Most analysts treat 5.5%–6.5% as the practical equilibrium 30-year fixed mortgage rate under normal economic conditions. The full-history (1971–2024) average is ~7.7%, but that's skewed by the inflationary 1980s.

Q

How much have U.S. home prices risen since 1968?

U.S. median existing-home prices have risen from $20,100 in 1968 to $408,000 in 2024 — a 20.3× nominal increase over 56 years, or roughly 5.5% compounded annually.

Q

What was the U.S. housing rate-lock effect?

The rate-lock effect is the freeze in U.S. existing-home listings caused when prevailing mortgage rates rise meaningfully above the rates current owners hold. As of 2024, ~76% of U.S. mortgaged owners hold loans below 5% — making it economically irrational to sell into a 6.8% market.

Q

What's the price-to-income ratio for U.S. housing?

The U.S. home-price-to-income ratio reached 5.4× in 2024 — the highest reading on record. The 56-year average is ~3.2×; the 2005 cycle peak was 4.2×.

Q

What was the 2008 housing crash?

The 2008 U.S. housing crash was a 50%+ decline in home sales volume and 24% decline in median existing-home prices over four years. It was triggered by the collapse of subprime mortgage securitization and resolved into the steepest U.S. recession since 1982.

Q

How does the U.S. housing market in 2025 compare to 2008?

The 2024–2025 housing slowdown is fundamentally different from 2008: it's a supply problem driven by rate-lock, not a credit-quality problem. Prices have risen, not fallen; inventory is low, not glutted; mortgage default rates are near record lows, not record highs.

Q

Which U.S. president had the highest mortgage rates?

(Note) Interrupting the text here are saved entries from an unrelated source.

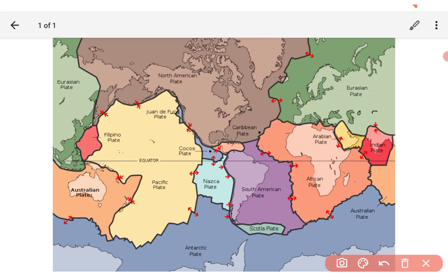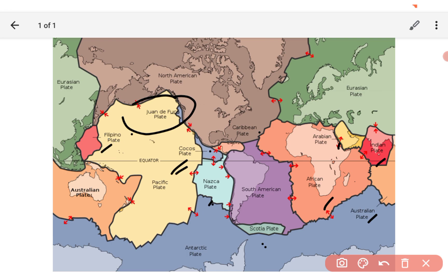You are watching this plate, right? So you have to remember all the plates and where they are located. You can see the Cocoa plate, the Scotia plate, African, Australian, Indian plate, Arabian, Juan de Fuca, Philippine plate. You have to know all these plates.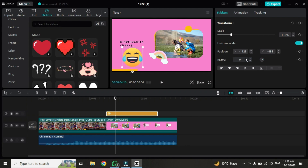Welcome back to the CapCut video editing series. In the last class we discussed audio, text, and stickers. Now we are going to discuss the effect option, which plays an important role in video editing, color grading, and effects.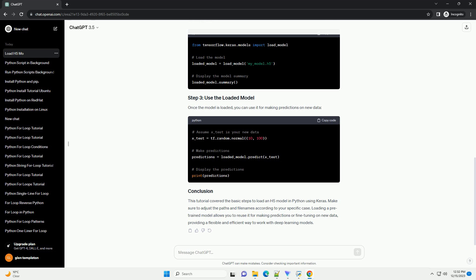In this tutorial, we'll use the popular deep learning library Keras to demonstrate how to load an HDF5 model in Python. Keras is a high-level neural networks API written in Python and capable of running on top of TensorFlow, CNTK, or Theano.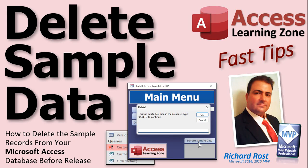Welcome to another fast tip video brought to you by AccessLearningZone.com. I am your instructor Richard Rost. In today's video I'm going to show you how to delete the sample data out of your database before you release it.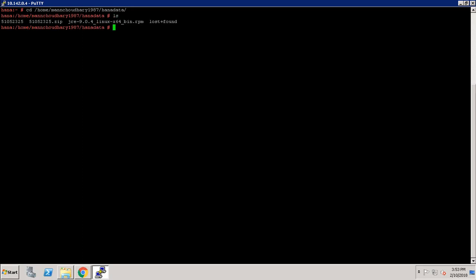Here, as you can see, we have a directory with name 51052325. This is the directory where I have placed my installer. Inside this directory we have a folder named 'data_units', and inside that we have a folder named 'hdb_server_linux_x86_64'.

Ronald Reagan presided over the highest U.S. mortgage rates of the modern era — 16.63% in 1981 and 16.04% in 1982, set by Federal Reserve Chairman Paul Volcker (a Carter appointee) to break double-digit inflation.

Q

What's the cheapest U.S. city to buy a home in?

As of late 2024, the cheapest U.S. metros by median home price include Detroit, Cleveland, Pittsburgh, Memphis, and Buffalo — all with median prices under $200,000 (Zillow Home Value Index, late 2024).